--- Input material Enclosed Below ---

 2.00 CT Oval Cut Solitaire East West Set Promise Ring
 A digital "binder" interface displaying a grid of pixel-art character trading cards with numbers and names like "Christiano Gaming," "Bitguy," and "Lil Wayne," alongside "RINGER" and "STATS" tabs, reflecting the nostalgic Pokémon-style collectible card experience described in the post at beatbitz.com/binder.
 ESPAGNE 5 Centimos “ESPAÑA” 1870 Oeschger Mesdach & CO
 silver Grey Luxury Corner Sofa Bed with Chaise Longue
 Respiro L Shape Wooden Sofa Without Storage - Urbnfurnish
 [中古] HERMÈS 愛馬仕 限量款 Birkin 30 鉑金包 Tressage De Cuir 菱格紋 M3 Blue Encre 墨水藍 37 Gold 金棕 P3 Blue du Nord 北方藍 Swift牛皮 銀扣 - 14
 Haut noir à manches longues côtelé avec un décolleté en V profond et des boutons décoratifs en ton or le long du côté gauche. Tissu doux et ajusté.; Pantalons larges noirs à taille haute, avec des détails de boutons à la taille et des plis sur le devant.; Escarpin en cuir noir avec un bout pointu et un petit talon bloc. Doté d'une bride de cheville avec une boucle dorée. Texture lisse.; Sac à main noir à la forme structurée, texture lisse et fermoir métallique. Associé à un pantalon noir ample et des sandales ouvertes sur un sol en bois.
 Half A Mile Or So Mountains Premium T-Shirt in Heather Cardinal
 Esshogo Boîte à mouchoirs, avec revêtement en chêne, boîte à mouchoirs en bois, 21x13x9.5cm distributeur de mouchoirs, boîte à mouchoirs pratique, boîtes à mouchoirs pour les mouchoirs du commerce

--- End of Enclosed Input material ---

## What you will do
Copy each line from the entries above that has the word "avec" in it.

## Your response
 Haut noir à manches longues côtelé avec un décolleté en V profond et des boutons décoratifs en ton or le long du côté gauche. Tissu doux et ajusté.; Pantalons larges noirs à taille haute, avec des détails de boutons à la taille et des plis sur le devant.; Escarpin en cuir noir avec un bout pointu et un petit talon bloc. Doté d'une bride de cheville avec une boucle dorée. Texture lisse.; Sac à main noir à la forme structurée, texture lisse et fermoir métallique. Associé à un pantalon noir ample et des sandales ouvertes sur un sol en bois.
 Esshogo Boîte à mouchoirs, avec revêtement en chêne, boîte à mouchoirs en bois, 21x13x9.5cm distributeur de mouchoirs, boîte à mouchoirs pratique, boîtes à mouchoirs pour les mouchoirs du commerce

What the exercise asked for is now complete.